**WHAT THE TASK REQUIRES**.
Output the entries in full and verbatim, pictures omitted.

Short text fragments from websites
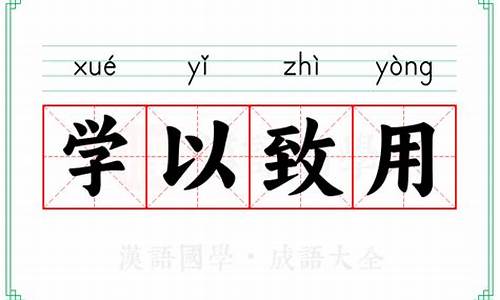 学以致用的意思-学以致用的意思故事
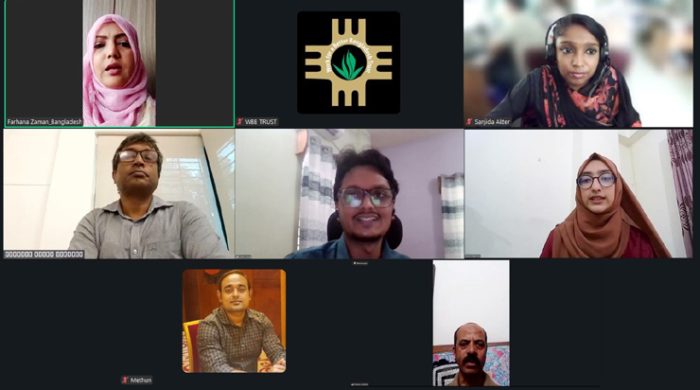 নতুন নিকোটিন পণ্যে তরুণদের আকৃষ্ট করছে কোম্পানিগুলো- নিষিদ্ধের দাবি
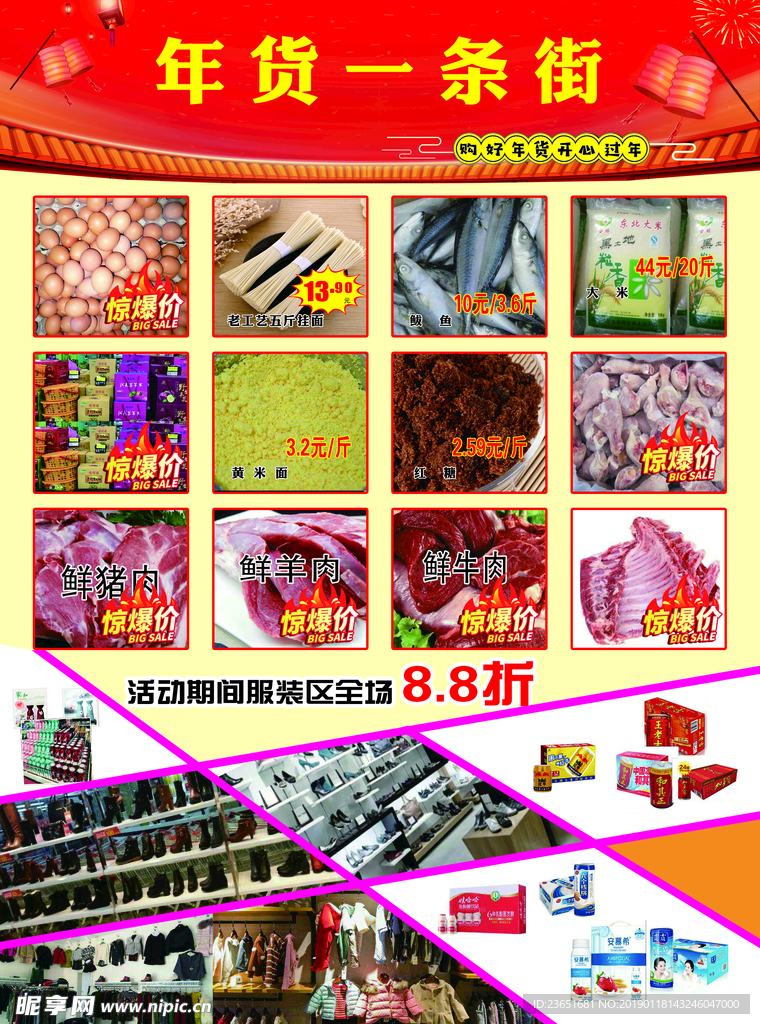 年货一条街 彩页 超市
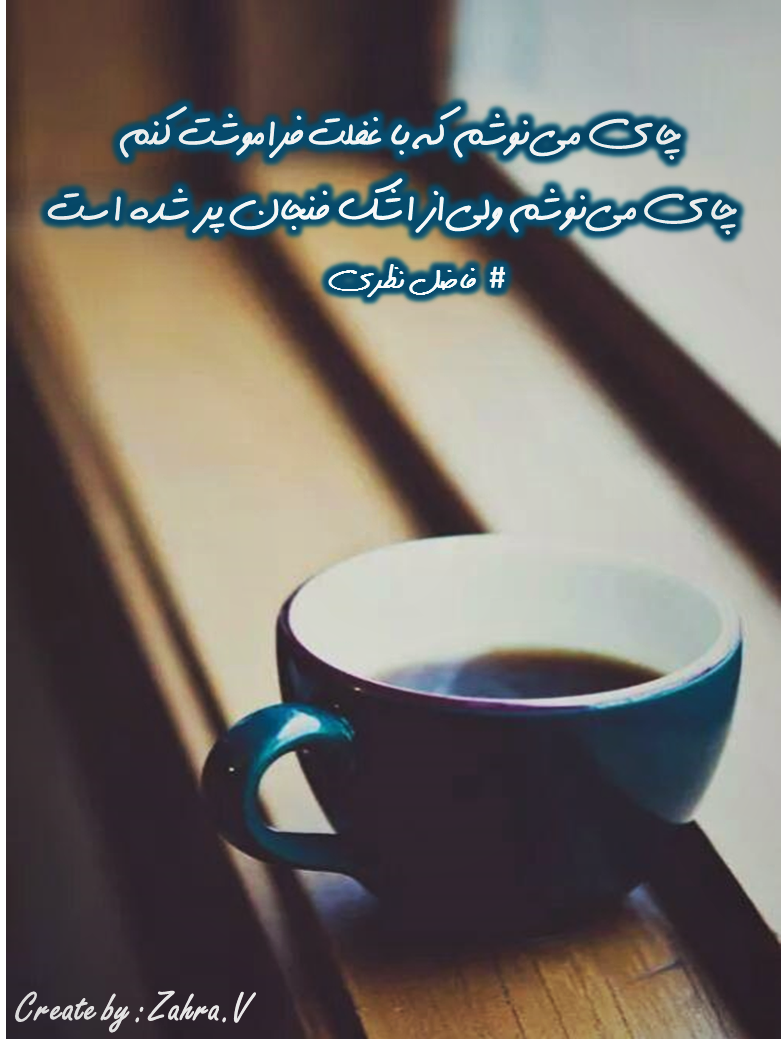 جای می نوشم که باغفلت فراموشت کنم
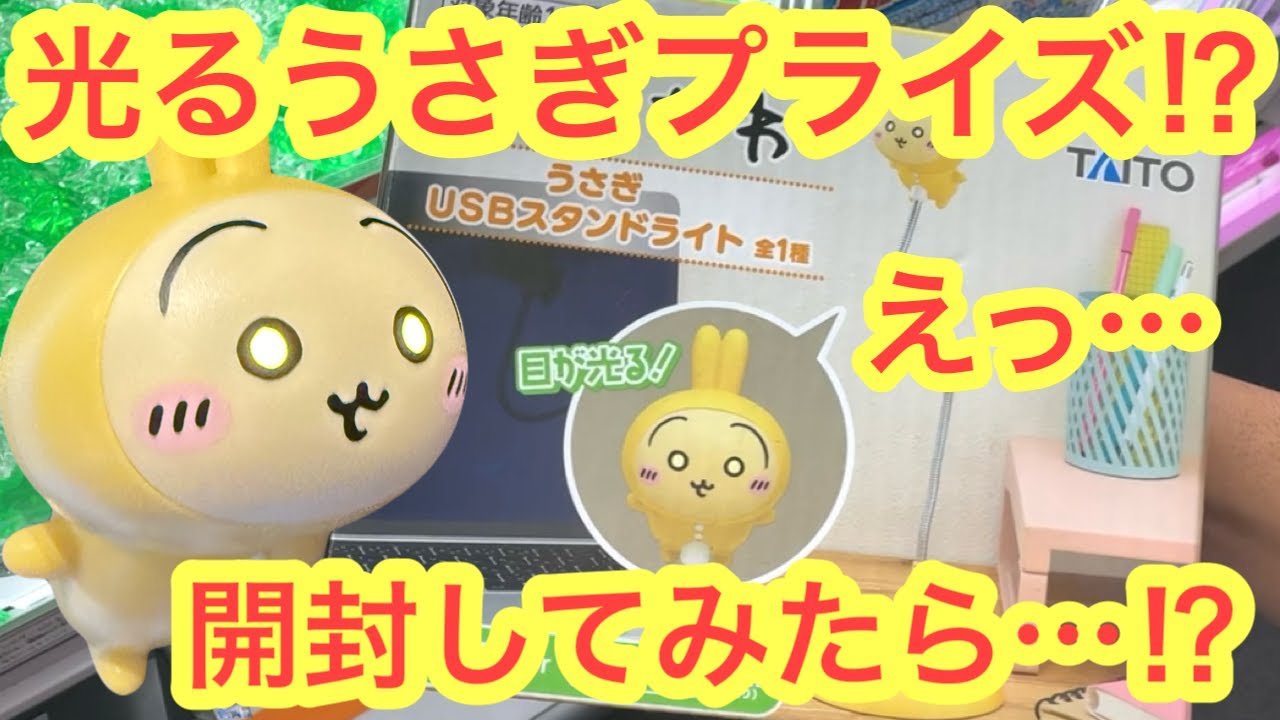 Chiikawa] The rabbit USB stand light is so cute!! Chiikawa rabbit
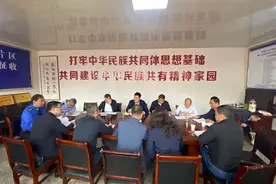秦州区召开窝驼片区棚户区改造项目被征收房屋合法性认定工作协调推进会图片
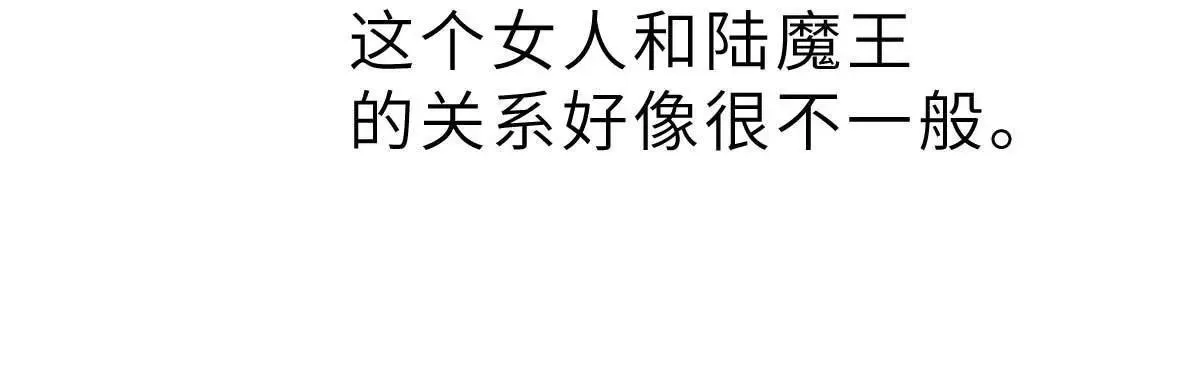 第46话 灰姑娘与恶毒前妻 第75页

**SOLUTION**.
 学以致用的意思-学以致用的意思故事
 নতুন নিকোটিন পণ্যে তরুণদের আকৃষ্ট করছে কোম্পানিগুলো- নিষিদ্ধের দাবি
 年货一条街 彩页 超市
 جای می نوشم که باغفلت فراموشت کنم
 Chiikawa] The rabbit USB stand light is so cute!! Chiikawa rabbit
秦州区召开窝驼片区棚户区改造项目被征收房屋合法性认定工作协调推进会图片
 第46话 灰姑娘与恶毒前妻 第75页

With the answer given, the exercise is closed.